Ciudad de México.- José Ángel Ramos Jiménez, padre del niño que asesinó a su maestra y se suicidó en el colegio Cervantes, estuvo preso tres años en Estados Unidos, acusado de conspiración y posesión de metanfetamina con intención de distribuirla.

El hombre fue capturado en una operación a cargo del agente de la DEA, Colby J Cason, quien el 26 de mayo de 2016 obtuvo información de un agente encubierto, quien le reveló que José Ángel recibiría 31 kilogramos de metanfetamina en la ciudad de Oklahoma, equivalentes a casi 3 millones de dólares.

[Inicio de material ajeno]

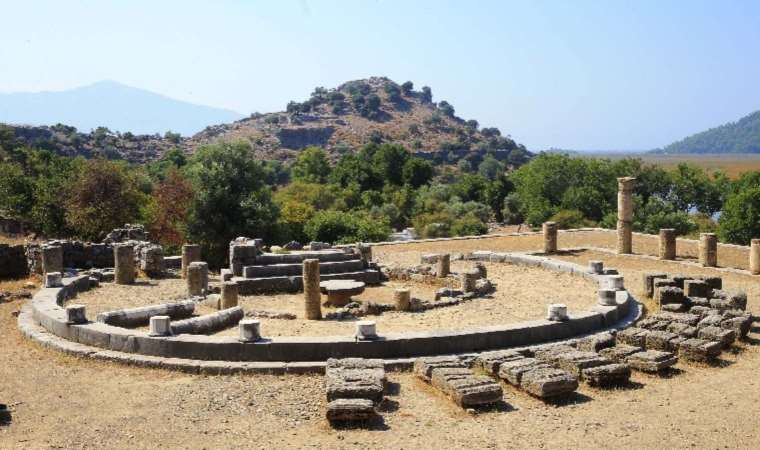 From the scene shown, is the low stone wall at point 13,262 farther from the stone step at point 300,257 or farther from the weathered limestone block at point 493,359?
the weathered limestone block at point 493,359

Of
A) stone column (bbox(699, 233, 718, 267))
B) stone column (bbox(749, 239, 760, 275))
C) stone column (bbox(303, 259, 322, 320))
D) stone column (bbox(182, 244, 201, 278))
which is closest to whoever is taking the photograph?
stone column (bbox(303, 259, 322, 320))

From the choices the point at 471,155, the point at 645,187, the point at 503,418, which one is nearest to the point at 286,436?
the point at 503,418

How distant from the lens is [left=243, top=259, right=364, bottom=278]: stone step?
878 inches

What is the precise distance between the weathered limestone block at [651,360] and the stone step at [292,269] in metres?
11.0

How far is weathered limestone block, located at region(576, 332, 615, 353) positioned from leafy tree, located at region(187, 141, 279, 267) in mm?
20968

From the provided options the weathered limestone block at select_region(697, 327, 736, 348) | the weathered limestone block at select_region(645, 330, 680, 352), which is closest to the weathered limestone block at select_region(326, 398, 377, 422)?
the weathered limestone block at select_region(645, 330, 680, 352)

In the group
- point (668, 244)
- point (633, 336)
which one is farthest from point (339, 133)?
point (633, 336)

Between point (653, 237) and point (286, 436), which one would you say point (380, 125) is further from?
point (286, 436)

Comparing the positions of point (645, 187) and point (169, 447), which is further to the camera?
point (645, 187)

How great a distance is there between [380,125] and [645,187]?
3844 inches

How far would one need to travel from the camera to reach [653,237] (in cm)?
3331

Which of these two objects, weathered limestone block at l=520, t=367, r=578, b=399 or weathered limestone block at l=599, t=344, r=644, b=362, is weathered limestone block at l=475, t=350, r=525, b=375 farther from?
weathered limestone block at l=599, t=344, r=644, b=362

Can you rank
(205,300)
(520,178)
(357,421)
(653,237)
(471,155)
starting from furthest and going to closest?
1. (471,155)
2. (520,178)
3. (653,237)
4. (205,300)
5. (357,421)

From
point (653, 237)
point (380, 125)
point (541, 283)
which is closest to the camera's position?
point (541, 283) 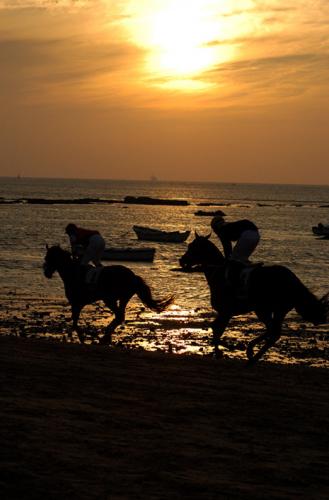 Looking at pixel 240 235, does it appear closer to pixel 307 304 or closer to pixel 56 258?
pixel 307 304

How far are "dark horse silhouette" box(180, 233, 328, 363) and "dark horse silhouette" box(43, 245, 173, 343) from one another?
2.41 meters

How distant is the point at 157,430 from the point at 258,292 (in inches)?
249

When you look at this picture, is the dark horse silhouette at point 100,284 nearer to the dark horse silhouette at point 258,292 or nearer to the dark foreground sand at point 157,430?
the dark horse silhouette at point 258,292

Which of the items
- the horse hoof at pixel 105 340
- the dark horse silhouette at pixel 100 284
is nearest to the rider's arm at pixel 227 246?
the dark horse silhouette at pixel 100 284

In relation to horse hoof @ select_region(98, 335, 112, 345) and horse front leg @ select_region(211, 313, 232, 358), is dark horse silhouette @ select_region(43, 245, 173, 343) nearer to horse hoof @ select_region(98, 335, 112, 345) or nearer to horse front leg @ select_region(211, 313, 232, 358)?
horse hoof @ select_region(98, 335, 112, 345)

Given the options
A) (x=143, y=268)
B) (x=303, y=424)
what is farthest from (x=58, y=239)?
(x=303, y=424)

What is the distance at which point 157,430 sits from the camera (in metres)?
9.48

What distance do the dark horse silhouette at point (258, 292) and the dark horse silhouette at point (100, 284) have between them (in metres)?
2.41

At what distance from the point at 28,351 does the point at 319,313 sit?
5459mm

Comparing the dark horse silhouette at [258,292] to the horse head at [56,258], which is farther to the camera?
the horse head at [56,258]

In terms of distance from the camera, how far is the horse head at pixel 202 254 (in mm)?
15828

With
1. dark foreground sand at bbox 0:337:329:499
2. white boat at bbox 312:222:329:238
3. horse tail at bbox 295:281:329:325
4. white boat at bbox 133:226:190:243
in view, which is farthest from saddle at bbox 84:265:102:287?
white boat at bbox 312:222:329:238

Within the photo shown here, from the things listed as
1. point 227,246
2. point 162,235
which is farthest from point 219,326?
point 162,235

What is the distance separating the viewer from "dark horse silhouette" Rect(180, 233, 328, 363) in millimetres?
15312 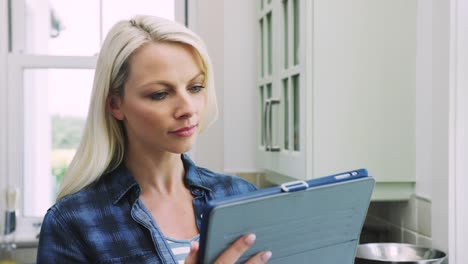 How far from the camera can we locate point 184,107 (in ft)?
3.84

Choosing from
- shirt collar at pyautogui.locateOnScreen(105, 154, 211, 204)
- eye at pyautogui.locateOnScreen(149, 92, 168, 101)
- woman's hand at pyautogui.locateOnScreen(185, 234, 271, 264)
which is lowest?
woman's hand at pyautogui.locateOnScreen(185, 234, 271, 264)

Dos días después, con autorización de un juez, el teléfono de Ramos Jiménez fue intervenido y el primero de julio, a las 10 de la mañana, fue ubicado en Oklahoma, por lo que agentes de la DEA desplegaron un operativo de vigilancia para rastrear cada uno de sus movimientos.

Al medio día, llegó -en una camioneta Jeep Cherokee blanca, con placas de Durango- a un restaurante IHOP, ubicado en Midwest City, acompañado por un hombre, quien fue identificado como Alejandro Favela Santamaría.

Del restaurante salieron 45 minutos después y se dirigieron a una parada de tráilers; ahí les descargaron la droga de un tráiler y después se trasladaron al hotel La Quinta INN, donde fueron detenidos en el estacionamiento por agentes de la DEA, quienes les encontraron 25 bultos de mentafetamina de un kilogramo cada uno, relató Imagen Noticias.

Sin embargo, los agentes no se conformaron con detener a José Ángel Ramos. Un agente encubierto lo acompañó a entregar la droga a una casa en Oklahoma, donde fue recibida por una mujer latina, identificada como Guadalupe Ortiz Rodríguez, quien a cambio de esta le entregó una bolsa negra con cerca de 70 mil dólares.

José Ángel y su cómplice fueron acusados de conspiración y posesión de metanfetamina con intención de distribuirla. Ramos Jiménez fue liberado el 28 de octubre de 2019 y deportado a México.